__Task brief__:
Below are some entries. Transcribe the lines from the one holding "3C0927904AC VAG" to the one holding "Snapshot of isabelreyes_", inclusive, but not the pictures among them.

╔══

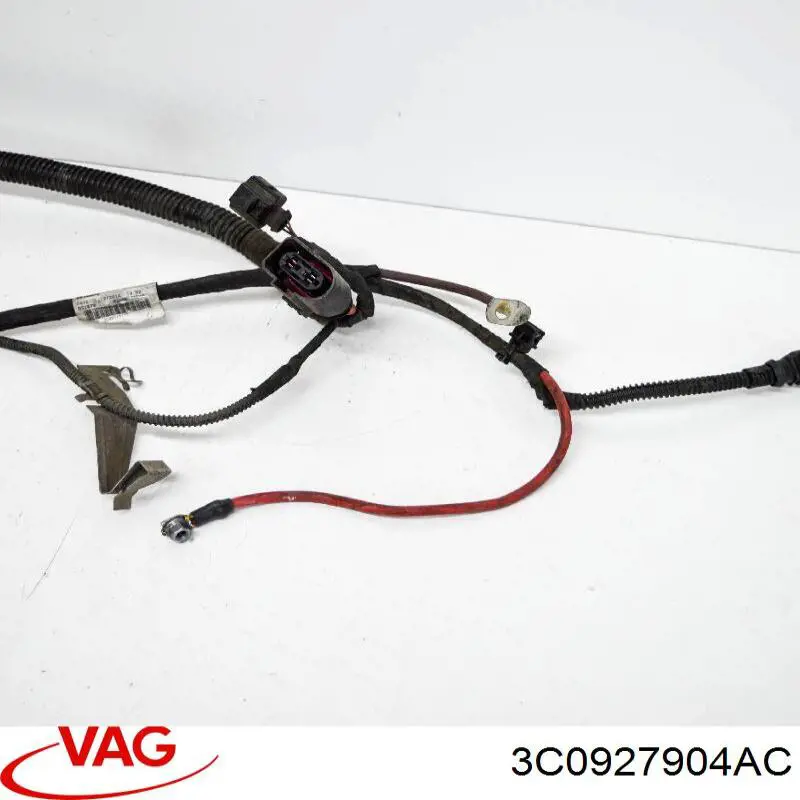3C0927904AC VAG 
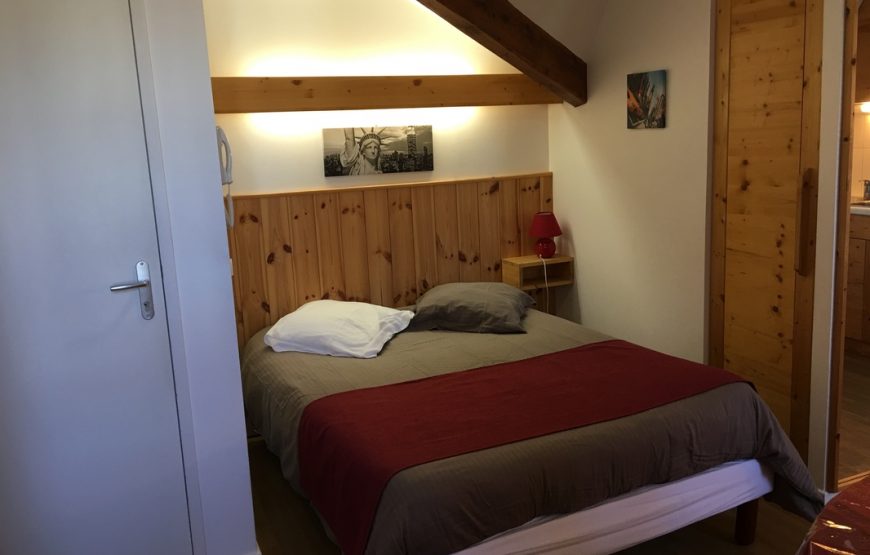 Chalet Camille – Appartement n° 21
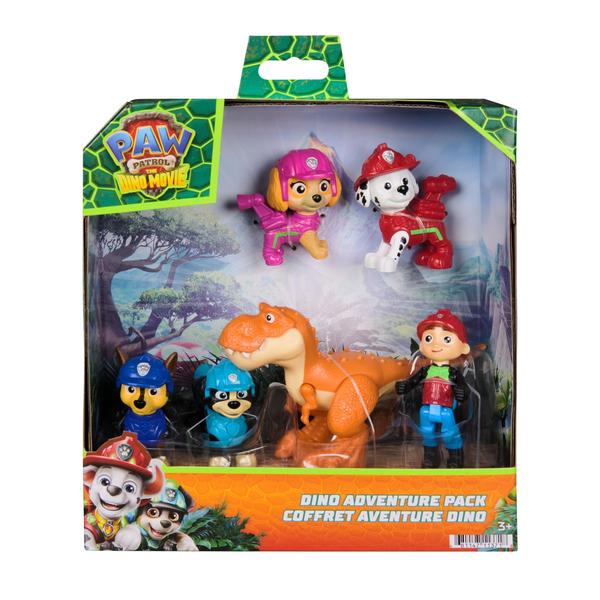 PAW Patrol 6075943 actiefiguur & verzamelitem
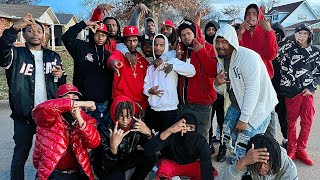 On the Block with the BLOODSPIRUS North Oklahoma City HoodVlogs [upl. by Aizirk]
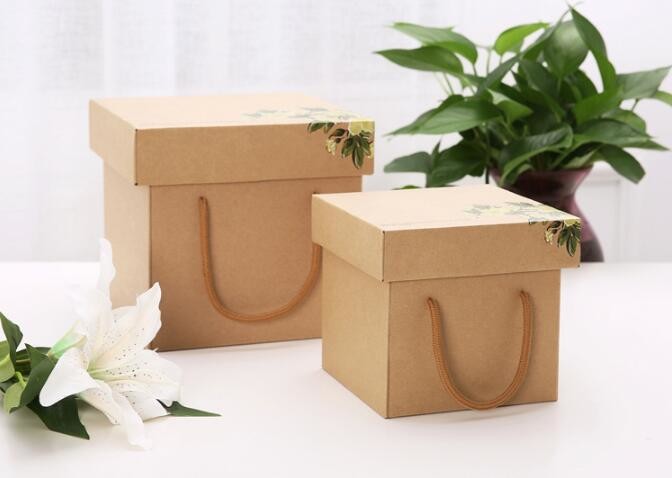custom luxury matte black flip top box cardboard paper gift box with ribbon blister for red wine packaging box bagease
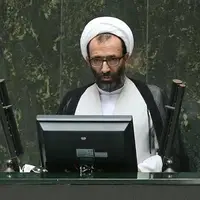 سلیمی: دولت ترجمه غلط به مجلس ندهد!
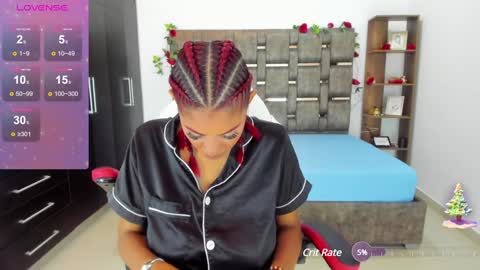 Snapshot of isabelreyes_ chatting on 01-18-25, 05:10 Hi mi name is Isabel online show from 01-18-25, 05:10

╚══
╔══

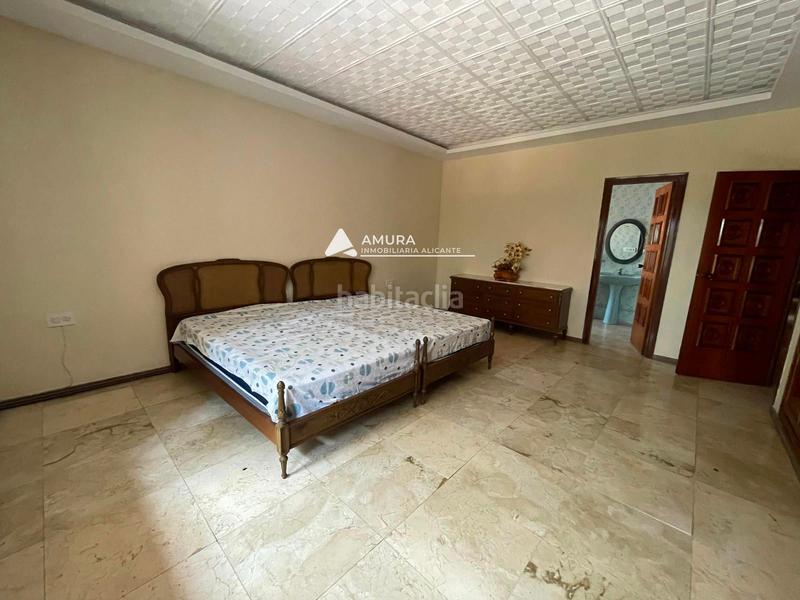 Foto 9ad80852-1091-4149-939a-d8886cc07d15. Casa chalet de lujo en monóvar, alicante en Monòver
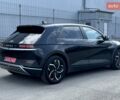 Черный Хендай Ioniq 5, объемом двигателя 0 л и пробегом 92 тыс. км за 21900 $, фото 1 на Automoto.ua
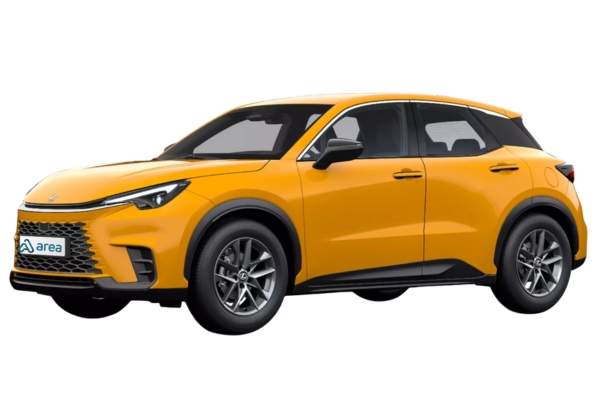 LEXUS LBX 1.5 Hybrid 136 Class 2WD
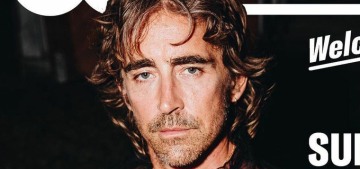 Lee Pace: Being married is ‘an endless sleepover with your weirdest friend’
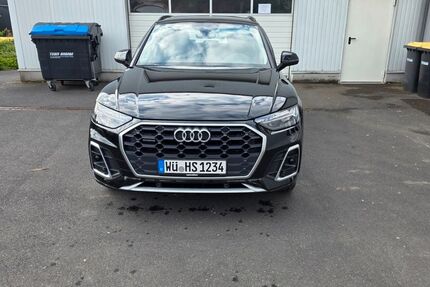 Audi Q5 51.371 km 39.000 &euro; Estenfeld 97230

╚══
╔══

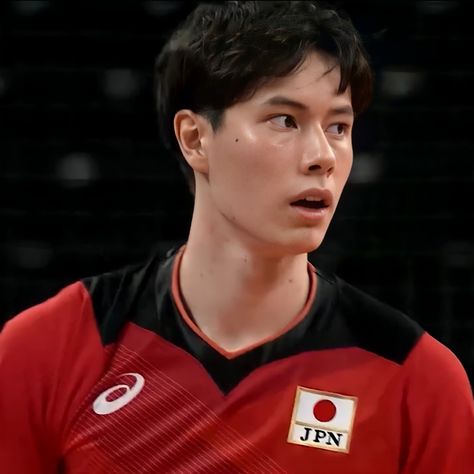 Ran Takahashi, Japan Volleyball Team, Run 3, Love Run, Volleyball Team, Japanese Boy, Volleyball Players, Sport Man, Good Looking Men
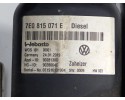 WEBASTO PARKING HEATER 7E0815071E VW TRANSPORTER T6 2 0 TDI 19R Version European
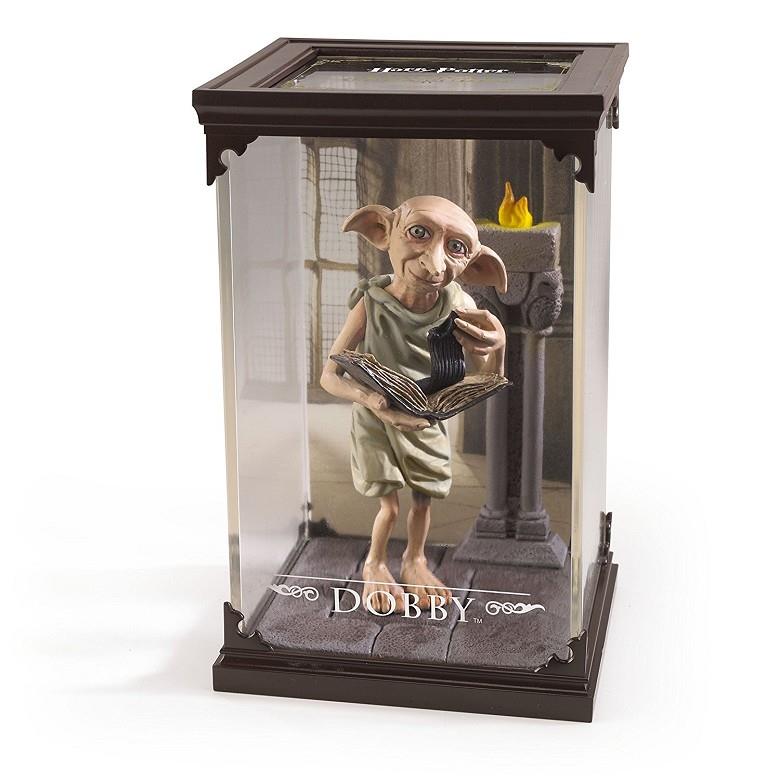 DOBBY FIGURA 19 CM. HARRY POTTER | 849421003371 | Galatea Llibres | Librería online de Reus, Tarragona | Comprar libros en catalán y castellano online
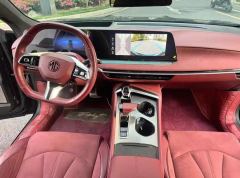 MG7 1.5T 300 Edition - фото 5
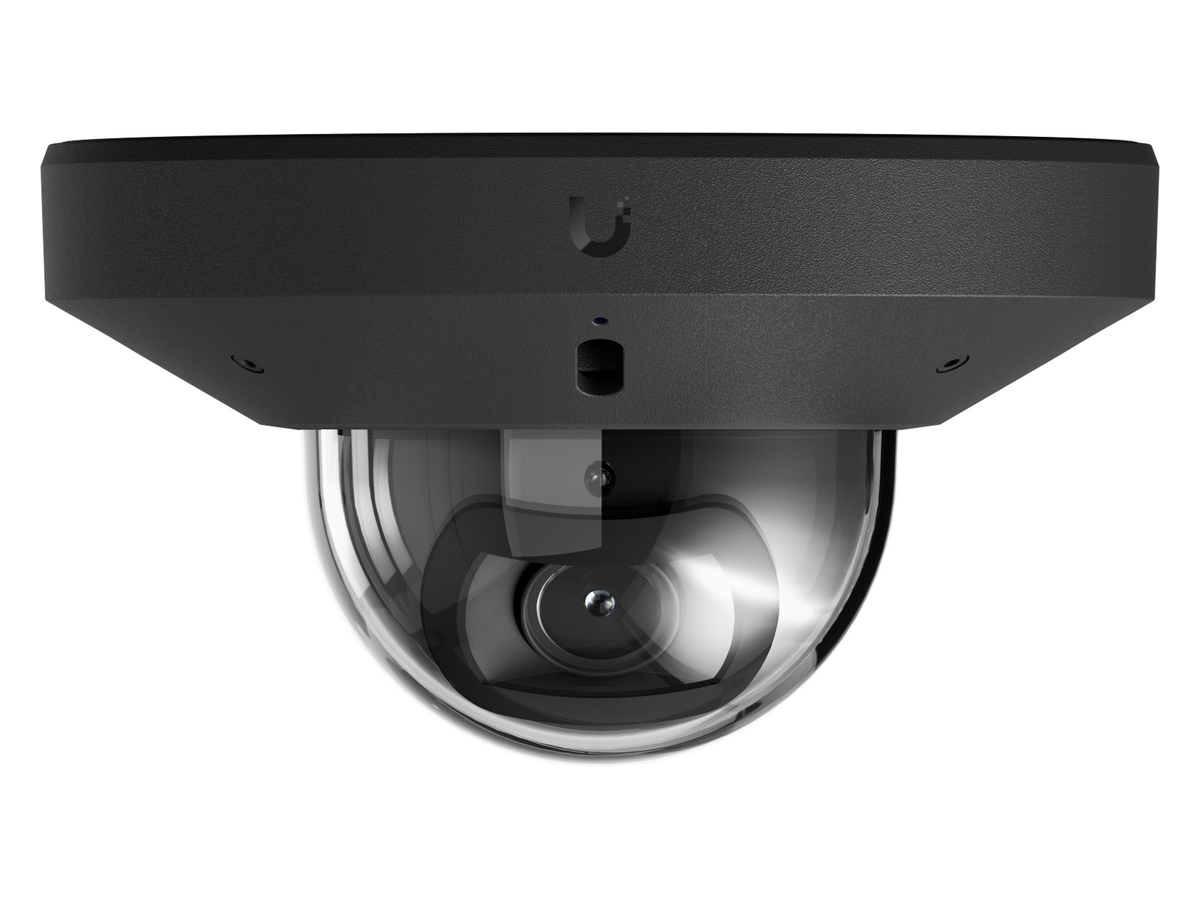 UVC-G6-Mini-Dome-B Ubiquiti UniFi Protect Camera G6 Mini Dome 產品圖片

╚══

__Response to this exercise__:
3C0927904AC VAG 
 Chalet Camille – Appartement n° 21
 PAW Patrol 6075943 actiefiguur & verzamelitem
 On the Block with the BLOODSPIRUS North Oklahoma City HoodVlogs [upl. by Aizirk]
custom luxury matte black flip top box cardboard paper gift box with ribbon blister for red wine packaging box bagease
 سلیمی: دولت ترجمه غلط به مجلس ندهد!
 Snapshot of isabelreyes_ chatting on 01-18-25, 05:10 Hi mi name is Isabel online show from 01-18-25, 05:10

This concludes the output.